# Python demo: Bag-of-Words modeling entirely in `scikit-learn`

Bag-of-words should always be in your back pocket.  There will basically never be a situation where bag-of-word gives you no results, but more complex models do.  Usually, the bag-of-words model will at least give you _something_ as long as your task can be said to depend on the _meaning of the words in the text._  Bag-of-words also allows you a lot of opportunities to inject expert and domain knowledge into the modeling process, which we'll see in the notebooks that follow this one.

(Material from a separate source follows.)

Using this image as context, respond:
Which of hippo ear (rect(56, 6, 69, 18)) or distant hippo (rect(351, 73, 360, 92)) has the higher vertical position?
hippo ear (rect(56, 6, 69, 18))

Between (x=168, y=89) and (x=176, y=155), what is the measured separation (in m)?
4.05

Bag-of-words involves us representing our documents as _vectors of word counts._  I.e.: our _features_ are "what words do you use, and how often do you use them?"  Bag-of-words ignored things like word order, syntactic relationships, etc.; while such things can definitely provide some useful information, a lot of real-world tasks will see pretty aggressively diminishing returns from them.

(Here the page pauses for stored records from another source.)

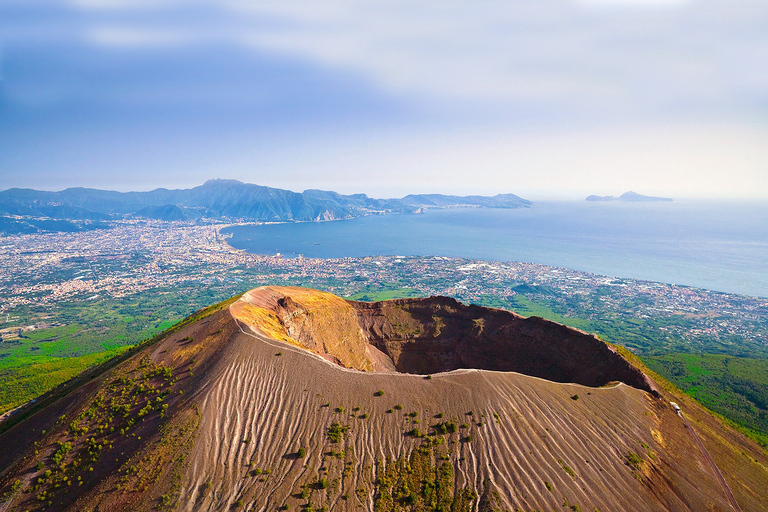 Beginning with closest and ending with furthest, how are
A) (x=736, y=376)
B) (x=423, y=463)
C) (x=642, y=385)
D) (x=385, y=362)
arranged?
(x=423, y=463) < (x=642, y=385) < (x=385, y=362) < (x=736, y=376)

This notebook will show the most quick-and-dirty way to do bag-of-words models in Python: using `scikit-learn`'s `CoutnVectorizer()`.

Pros:
- Extremely simple code--just a few lines to get a whole model up and running.
- Often surprisingly accurate for many tasks, despite its simplicity.  This makes a scikit-learn pipeline an excellent "first attempt" at a text problem, or a great baseline to compare more sophisticated models against.
- Very fast (with the right choice of model, e.g. Naive Bayes, as we're using here).

Cons:
- Not a lot of fine-grained control, which usually leads to leaving accuracy on the table.

In [1]:
# requirements
# !conda install --yes pandas scikit-learn

In [2]:
import pandas as pd

# load the data
train = pd.read_csv("../../data/train.csv")
test = pd.read_csv("../../data/test.csv")

train.head()

Unnamed: 0,review_id,product_id,reviewer_id,stars,review_body,review_title,language,product_category
0,en_0964290,product_en_0740675,reviewer_en_0342986,1,Arrived broken. Manufacturer defect. Two of th...,I'll spend twice the amount of time boxing up ...,en,furniture
1,en_0690095,product_en_0440378,reviewer_en_0133349,1,the cabinet dot were all detached from backing...,Not use able,en,home_improvement
2,en_0311558,product_en_0399702,reviewer_en_0152034,1,I received my first order of this product and ...,The product is junk.,en,home
3,en_0044972,product_en_0444063,reviewer_en_0656967,1,This product is a piece of shit. Do not buy. D...,Fucking waste of money,en,wireless
4,en_0784379,product_en_0139353,reviewer_en_0757638,1,went through 3 in one day doesn't fit correct ...,bubble,en,pc


`scikit-learn` has three main tools for doing the text-to-vector conversion:
- `sklearn.feature_extraction.text.CountVectorizer`, which represents each document as a vector of word counts.
- `sklearn.feature_extraction.text.TfidfVectorizer` and `TfidfTransformer`: applies Term Frequency-Inverse Document Frequency scaling, which can help improve accuracy for some models.  (`TfidfVectorizer` is the same thing as `CountVectorizer` followed by `TfidfTransformer`).
- `sklearn.feature_extraction.text.HashingVectorizer`: a version of `CountVectorizer` that uses the hashing trick to map directly from words to columns.  This can be a _lot_ faster for extremely large datasets, but it can also lead to _hash collisions_ where several words get mapped to to the same feature/column.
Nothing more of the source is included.